An open collaboration forum, Asia Cloud was initially convened by Alcatel-Lucent, Cisco, EMC, Microsoft (news, site), NetApp, Nokia Siemens, PLDT, Smart, Rackspace, REACH, Telenor and Verizon. The organization aims to discuss and address regional issues prevalent in the region in hopes for better cloud computing adoption in the region.
Asia Poised for Growth in Cloud Computing Market
Asia Pacific is seen as having a high potential for growth in the cloud computing market. Research firm IDC (news, site) is optimistic about the Asian market for content management services. The industry (excluding Japan) is valued at about US$ 1.3 billion in 2010, and will expand by about 40% per year until 2014. Meanwhile, in Japan, which is the second largest IT market in the world, the market for cloud computing services is poised to grow to US$ 29.2 billion by 2015.

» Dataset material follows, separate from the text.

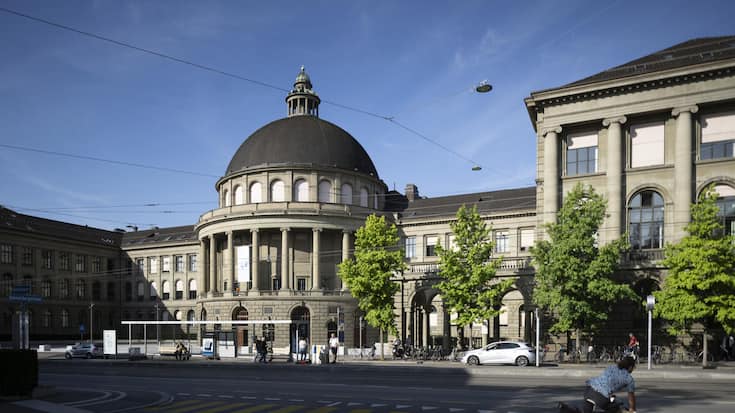 <p>Ist die ETH Zürich bald die beste Universität der Welt? Wandern von den US-Universitäten die besten Studierenden und Professoren ab, könnten die  Zürcher profitieren.</p>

Convenors view Asia Cloud as a platform for addressing needs and concerns by its stakeholders. “With Asia Cloud as a platform, key stakeholders can collaborate on issues specific to Asia and enable faster and more efficient adoption of cloud computing,” says REACH CIO Sundi Balu, who is also Asia Cloud chairman.
Stakeholders Express Concerns and Fears
While Asian businesses are keen on cloud computing, effective implementation will require a reliable infrastructure, as well as adequate security on both client and server ends. These are considered to be top concerns in the Asia Pacific region going forward. Asia Cloud has cited security concerns, regulatory mandates, licensing and infrastructure as concerns that might slow down cloud computing adoption in the region.
Cloud computing in the region has not yet seen its full potential, says Balu. The region has a varied regulatory landscape and different market maturity levels. “Organizations in Asia have voiced several concerns, particularly around security, service levels and regulatory positions. There is a strong sense of urgency to have these concerns resolved by an open industry collaboration focused on the actual market realities and conditions in Asia,” he adds.
Adoption of Region-Appropriate Best Practices
Noting that a one-size-fits-all strategy might not be appropriate to the Asia Pacific market, Asia Cloud has tasked itself to evaluate global standards in cloud computing and determine which technologies will be most appropriate to the region. Initially, working groups will be formed to evaluate regulatory issues, security concerns and infrastructure availability. The organization targets to build formal relationships with other stakeholders and organizations by 2011.
Asia Cloud plans to involve governments, hardware manufacturers, software makers, academic institutions and end users, in order to arrive at a common goal of better adoption of cloud technologies in the Asia Pacific region.